■ **Given data**

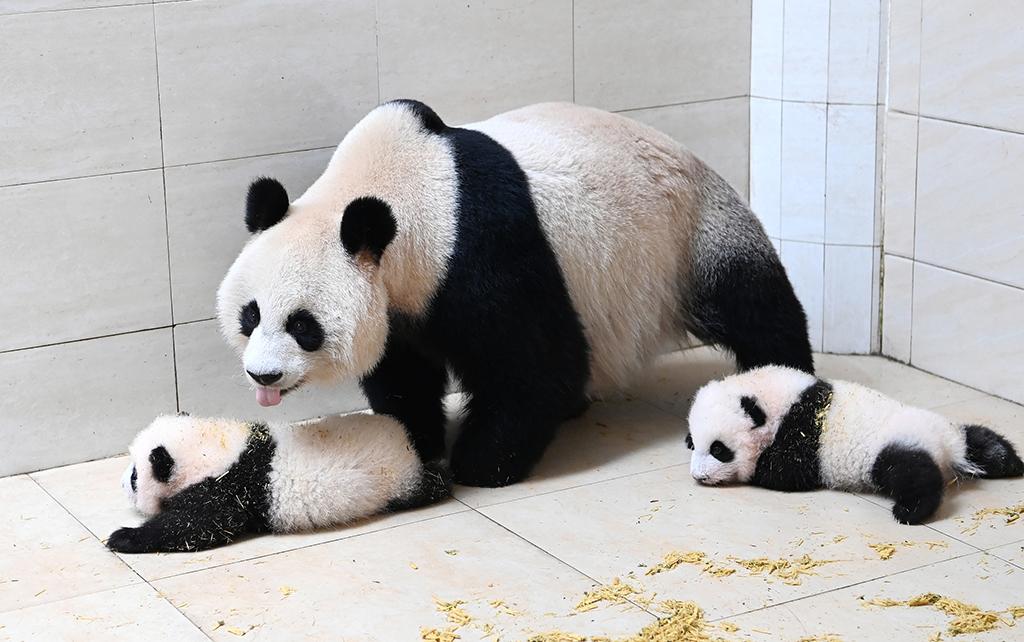 四川阿坝大熊猫水秀和它的宝宝一家亲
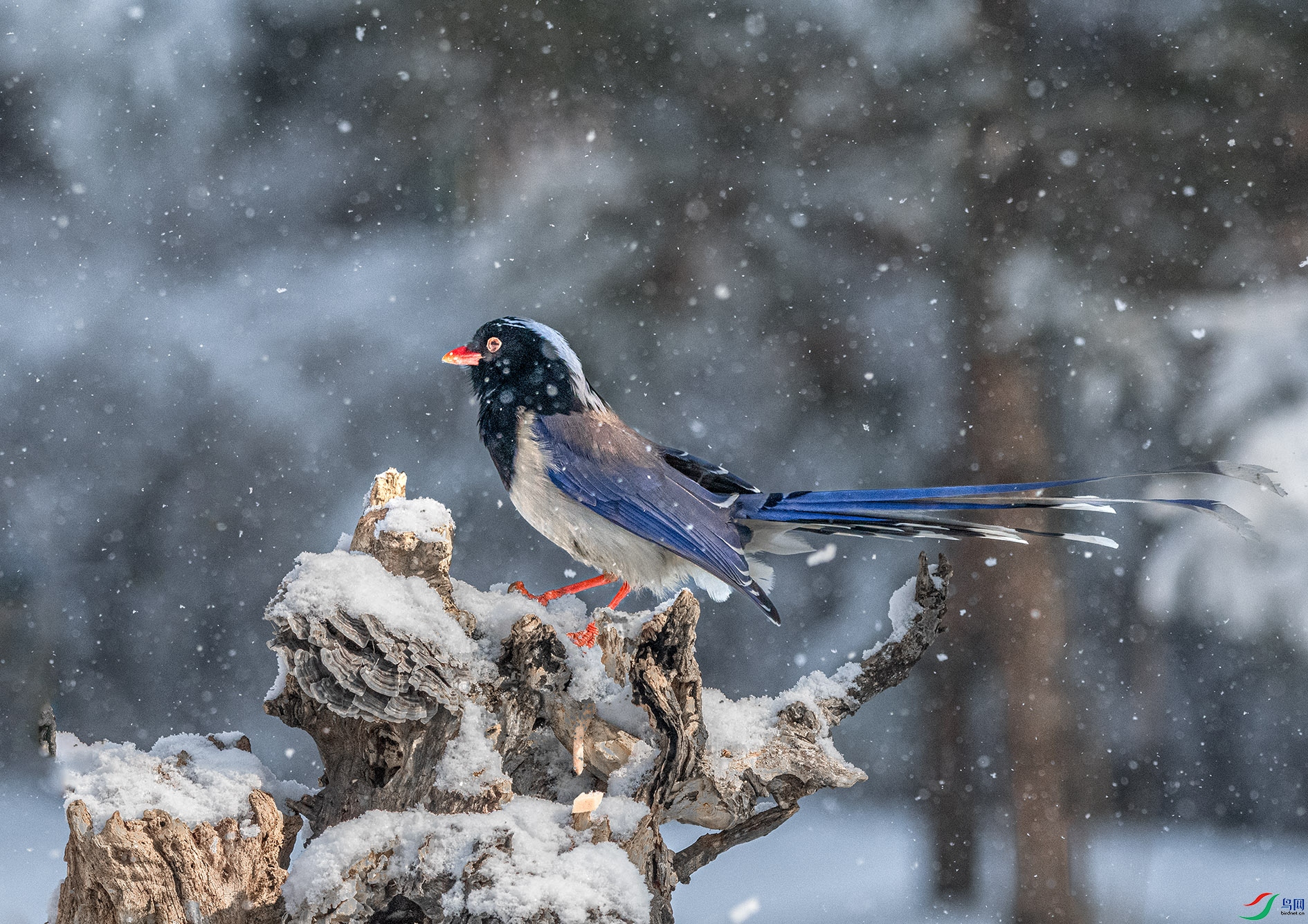 DSC_7763_��ͼ�� ����.jpg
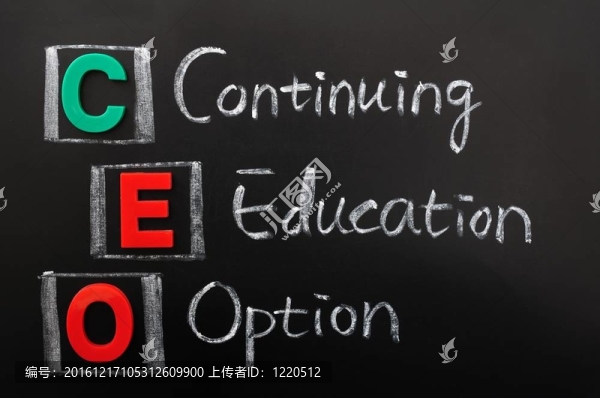 CEO繼續(xù)教育選項(xiàng)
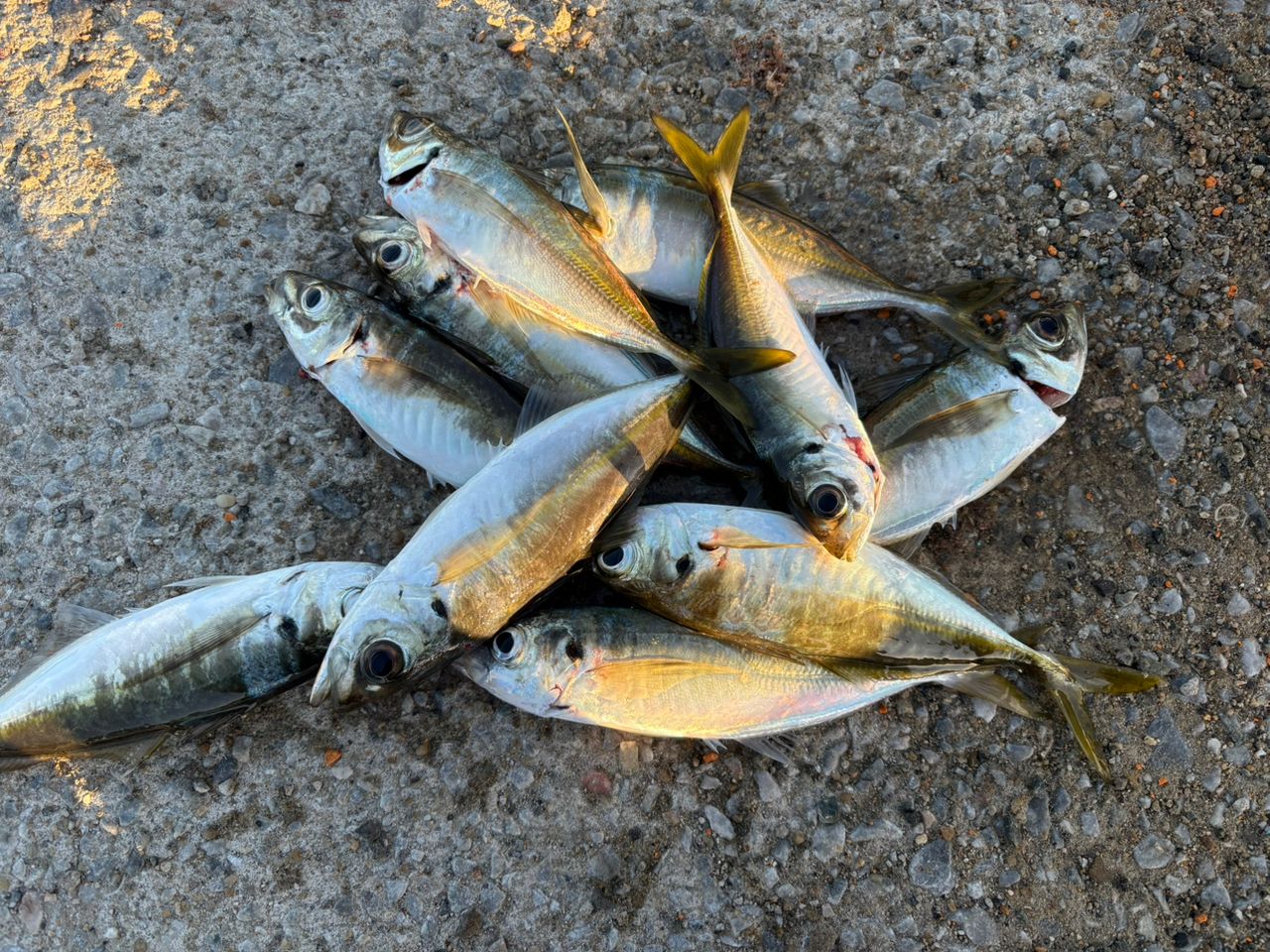 pooh Newさんの2025年11月30日(日)の釣行(福岡県 - 博多湾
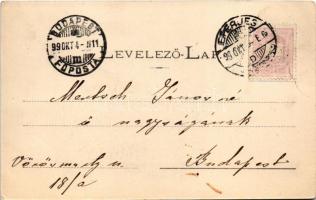 1899 (Vorläufer) Kapi, Kapusany; várrom, lovaskocsi a fahídon. Fénynyomat Divald műintézetéből / Kap...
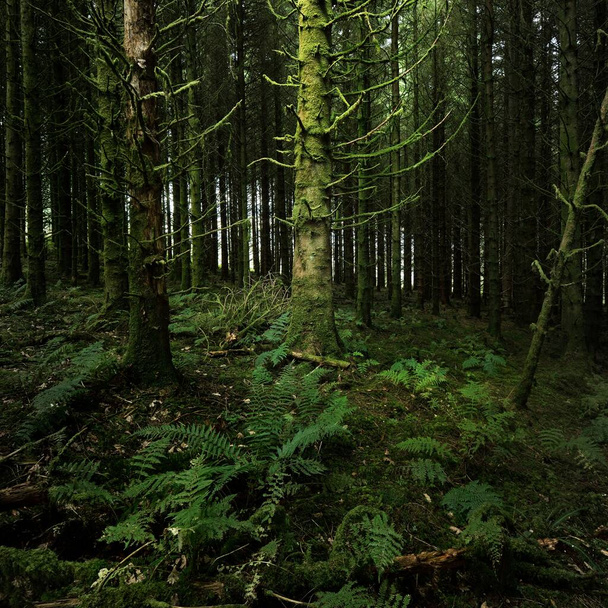 Dunkle Waldszene. Alte moosbewachsene Tannen und Farnblätter in Großaufnahme, Baumstämme im Hintergrund. Ardrishaig, Loch Fyne, Crinan Canal, Argyll und Bute, Schottland, Großbritannien - Foto, Bild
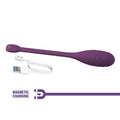 Pretty Love Leviathan egg bullet purple silicone wand vibrator
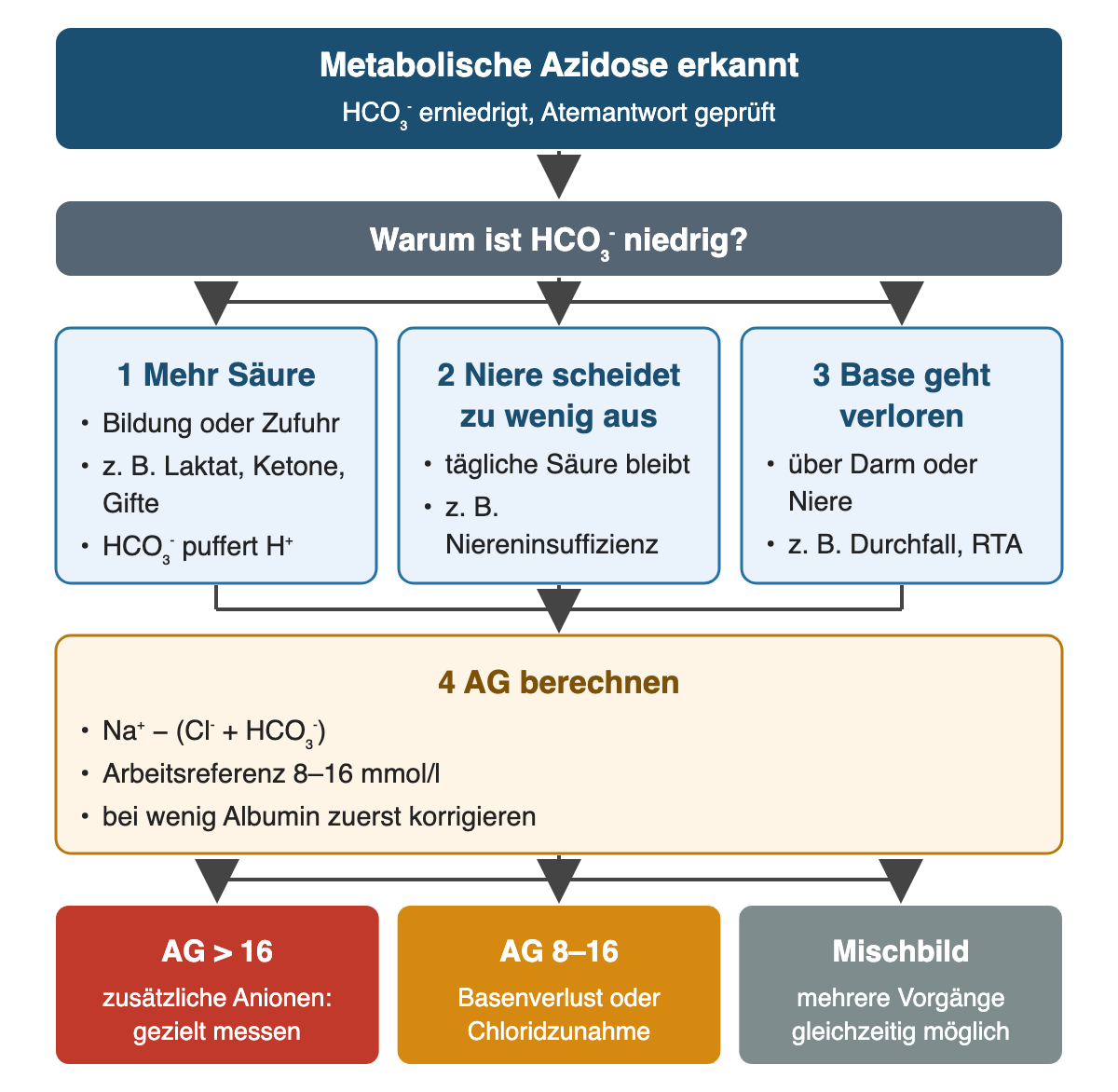 Von oben nach unten: Metabolische Azidose erkannt: HCO₃⁻ erniedrigt, Atemantwort geprüft; Warum ist HCO₃⁻ niedrig?; 1 Mehr Säure: Bildung oder Zufuhr, z. B. Laktat, Ketone, Gifte, HCO₃⁻ puffert H⁺; 2 Niere scheidet zu wenig aus: tägliche Säure bleibt, z. B. Niereninsuffizienz; 3 Base geht verloren: über Darm oder Niere, z. B. Durchfall, RTA; 4 AG berechnen: Na⁺ − (Cl⁻ + HCO₃⁻), Arbeitsreferenz 8–16 mmol/l, bei wenig Albumin zuerst korrigieren; Ergebnis: AG > 16 – zusätzliche Anionen: gezielt messen; AG 8–16 – Basenverlust oder Chloridzunahme; Mischbild – mehrere Vorgänge gleichzeitig möglich.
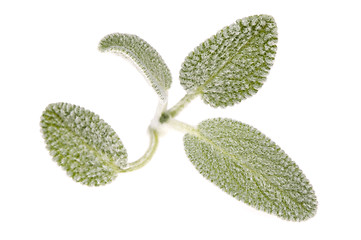 Image showing Sage leaves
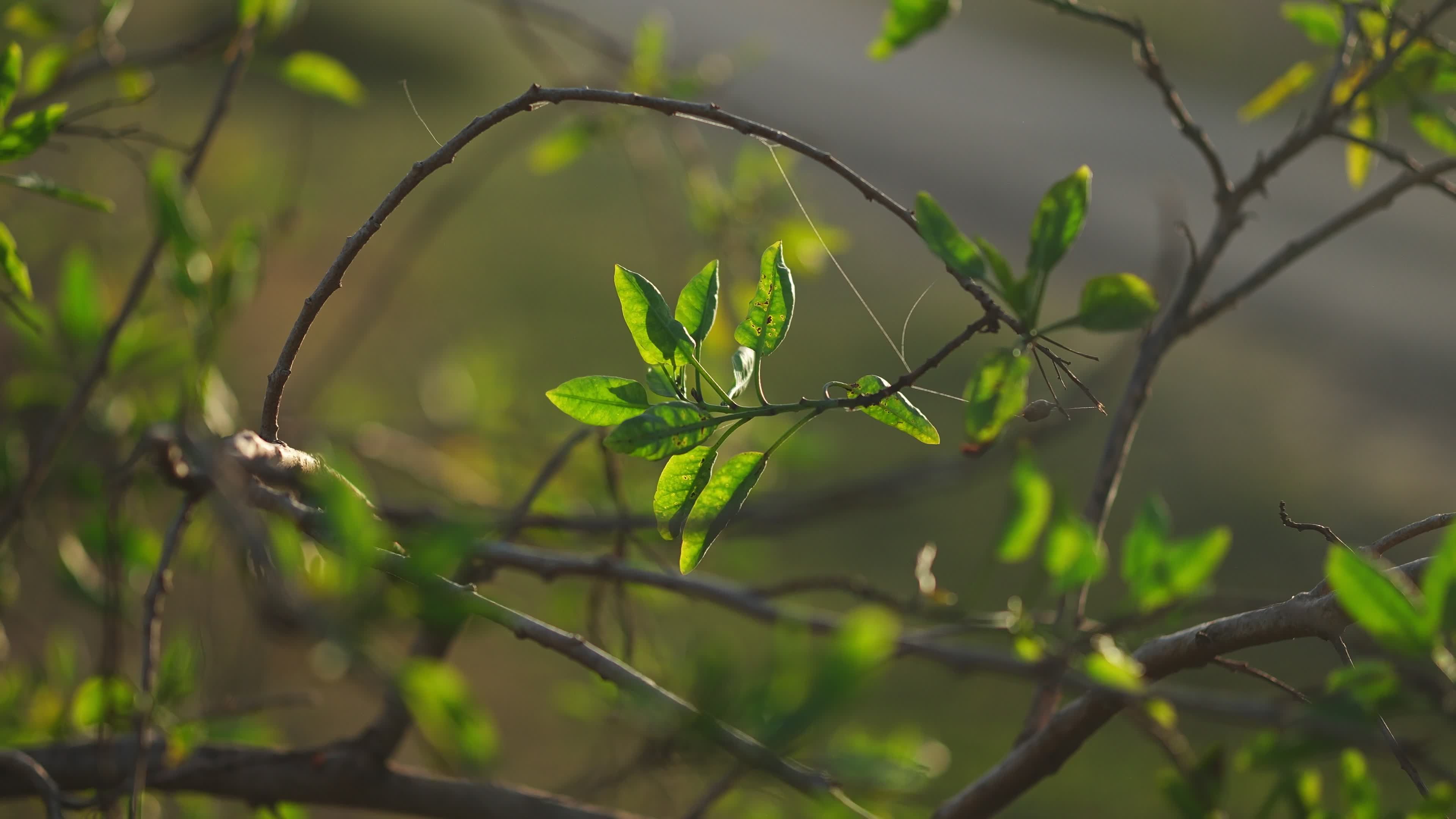 Video by Salim Da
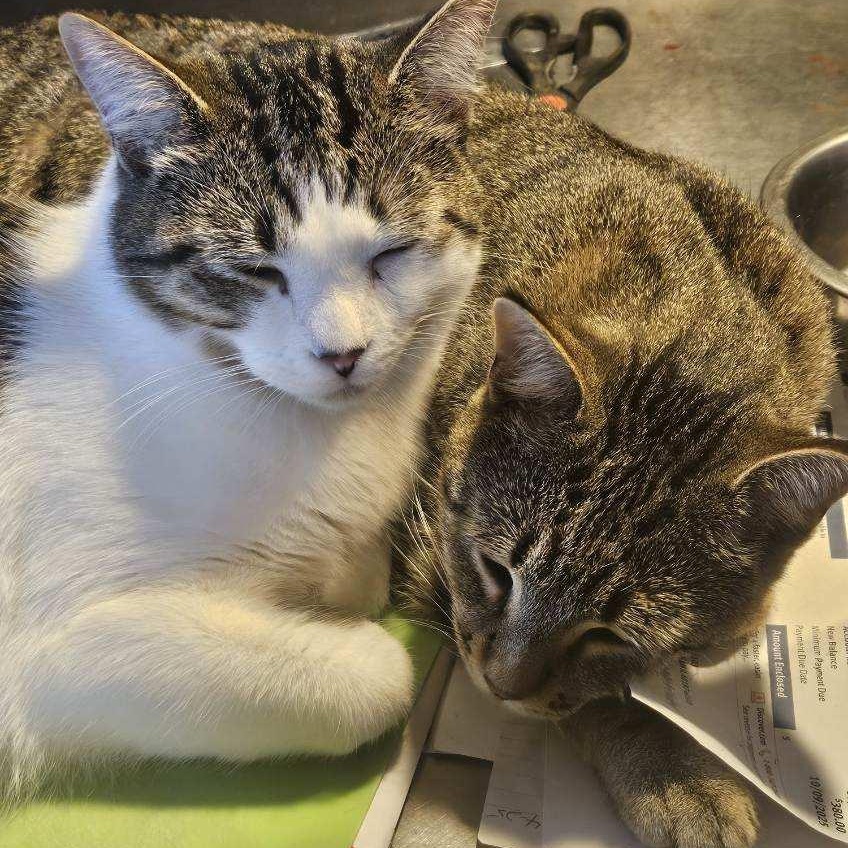 Enlarge Sonny & Sweeney, a Adoptable Domestic Short Hair in Stockholm, WI image 4/6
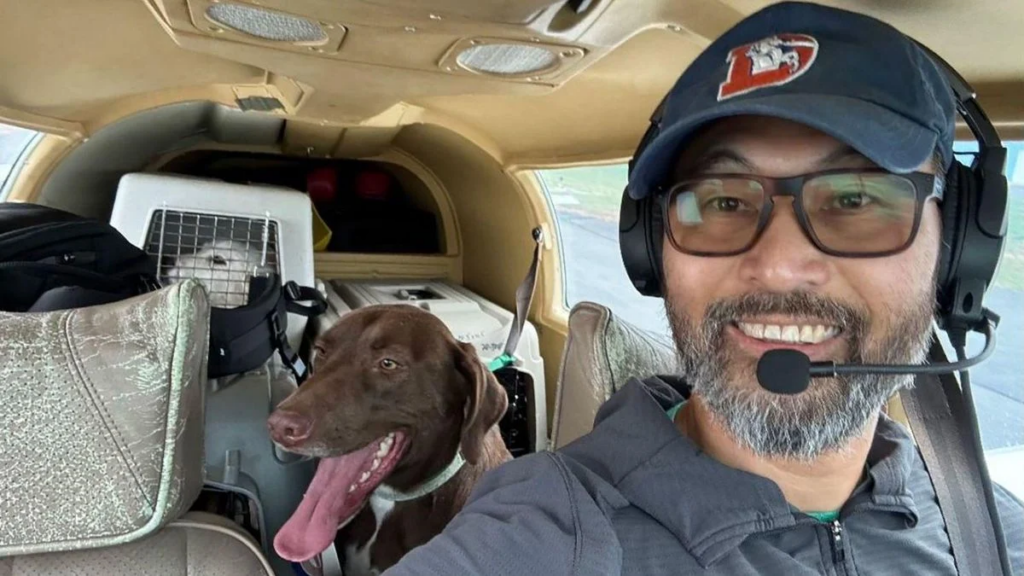 New York: Pilot famed for rescuing animals killed in crash while transporting rescue dogs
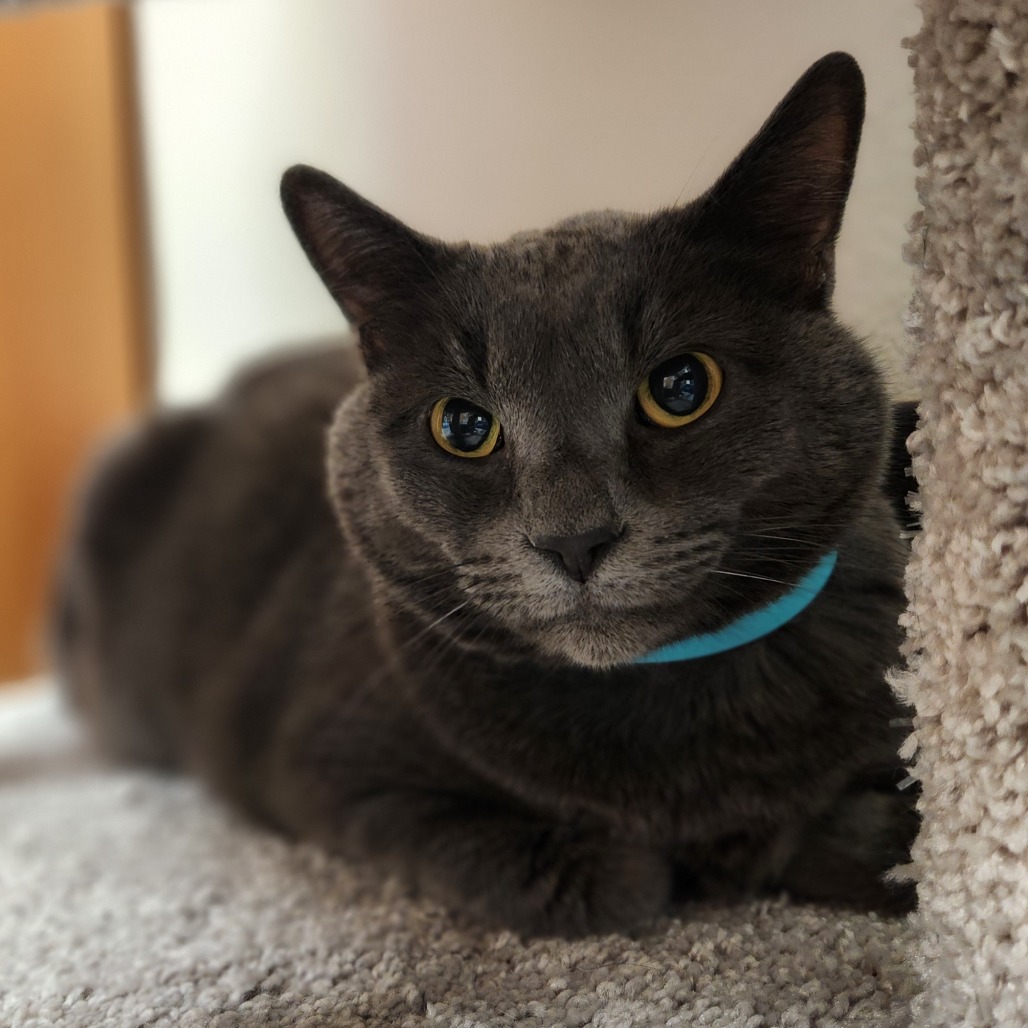 Simon Simon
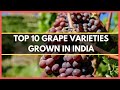 TOP 10 GRAPE VARIETIES GROWN IN INDIA |TYPES OF GRAPES GROWN IN INDIA| BEST GRAPE VARIETIES IN INDIA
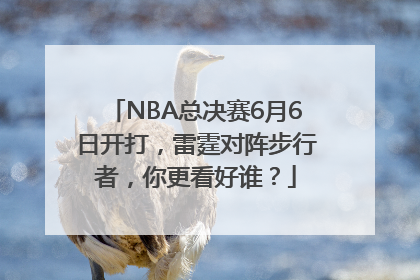 NBA总决赛6月6日开打，雷霆对阵步行者，你更看好谁？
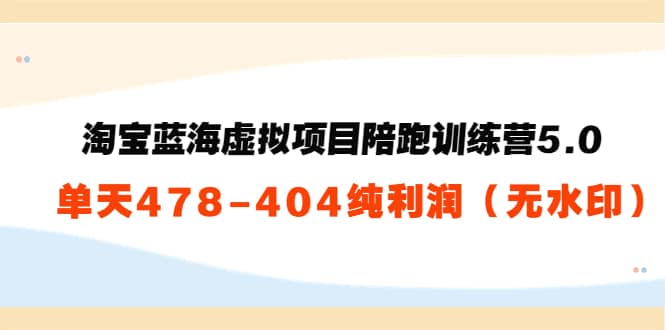 淘宝蓝海虚拟项目陪跑训练营5.0：单天478纯利润（无水印）-一起发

■ **Task objective**
Give back, unaltered, each line of the listing from the first to the line that contains "1899 (Vorläufer) Kapi, Kapusany;", leaving every picture out.

■ **Your solution**
 四川阿坝大熊猫水秀和它的宝宝一家亲
 DSC_7763_��ͼ�� ����.jpg
 CEO繼續(xù)教育選項(xiàng)
 pooh Newさんの2025年11月30日(日)の釣行(福岡県 - 博多湾
 1899 (Vorläufer) Kapi, Kapusany; várrom, lovaskocsi a fahídon. Fénynyomat Divald műintézetéből / Kap...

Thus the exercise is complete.